We arrived at the hospital at just before 2 am and checked in at the 9 E nurse's station where they sent me to another floor due to a lack of bed space on that floor.
In my new room I went through all the routine - tons of questions, blood work and exams. My God, it's really happening - I'm going to get a part of my normal life back. I know there are still risks, all kinds of them, there listed on the consent forms I have to sign. The very first one listed and in bold type is death followed by a long list of unpleasant things.
I'm not really concerned by this. It's a standard thing here to list every possible thing that could happen to cover the liability issue. Its a risky operation and they don't want to be sued if anything goes wrong.
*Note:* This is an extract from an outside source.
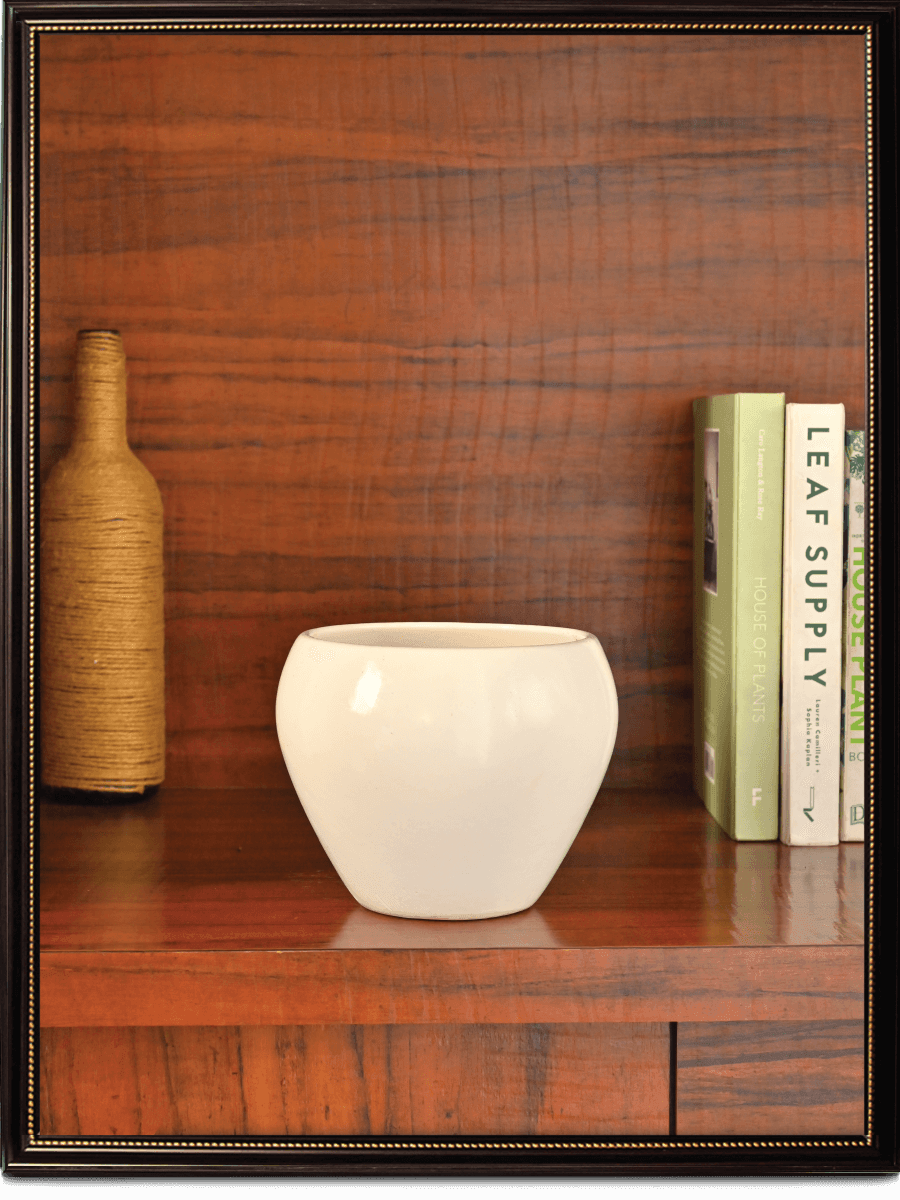 Apple Ceramic Pot | Mutiple Colors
At 6 am the surgeon's assistant comes in - more questions and an exam - things are moving along. He tells us the donor organs are being=eing harvested at this time and will be tested to make sure every thing is clean and clear. Meanwhile they have put me on an IV insulin drip to control my blood sugar during the operation. I'm ready to go.
finally the surgeon comes in to see me. More questions, poking and probing. While he is here my sugar goes low (remember the insulin drip) Now he's worried. He leaves to review old test from my first evaluation almost two years ago.
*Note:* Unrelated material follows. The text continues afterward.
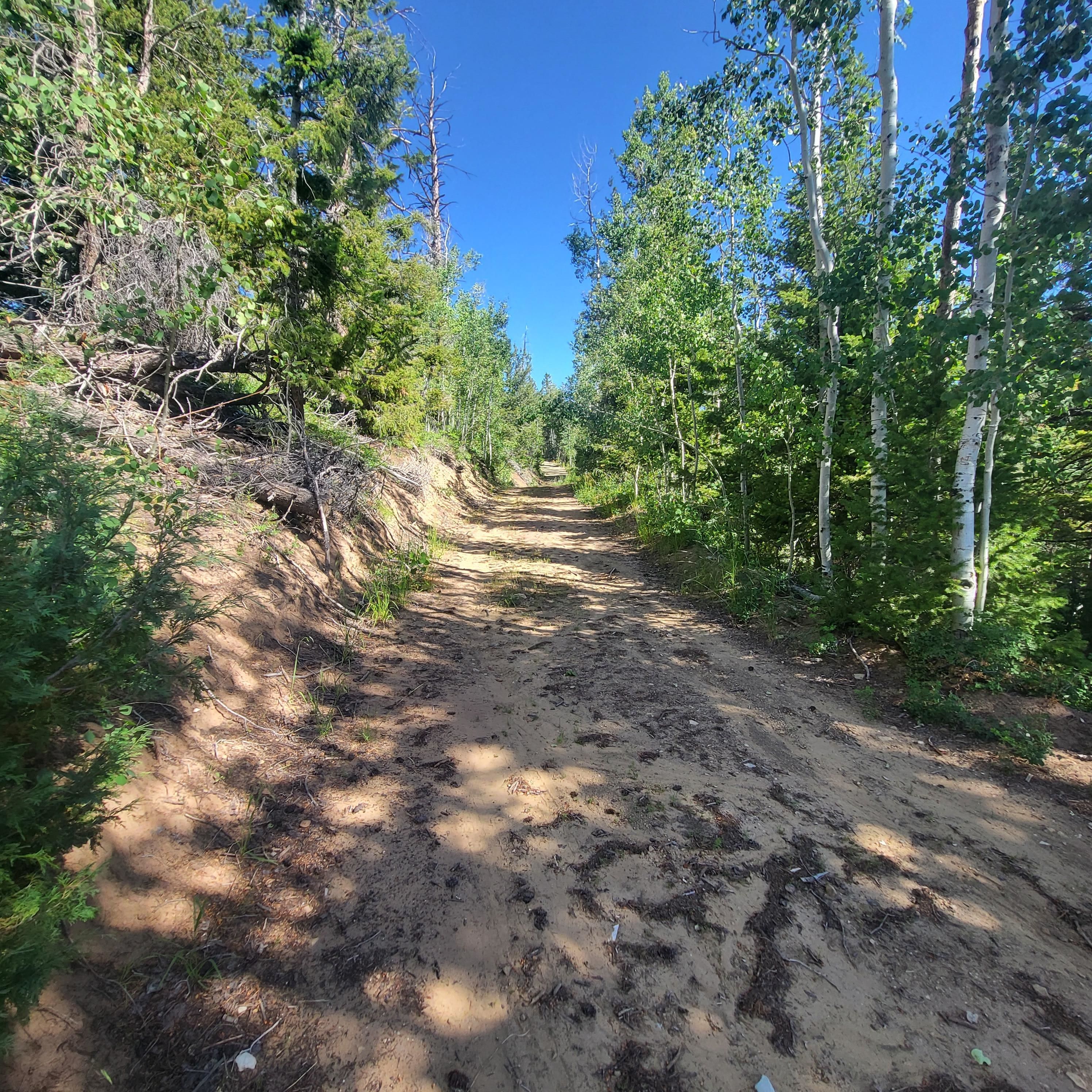 Duchesne, Duchesne County, UT Recreational Property, Timberland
About an hour later he returns and informs me that due to my still recovering from all the trauma I suffered earlier and my vascular condition the operation would be much longer than the normal 2 to 3 hours - possible as long as 6 to 8 hours and I might no longer be transplantable, They would like a new evaluation before going any further.
NO LONGER TRANSPLANTABLE - The words are numbing to us. Sue starts to cry. I feel empty. I can;t imagine to be on a life on dialysis until I die. He says there may still be some hope although small. That's why they want more test.
We're home now. Great hope dashed. Plans for the future changed forever. I don't really know how I feel now. I need more time and a vacation from this life.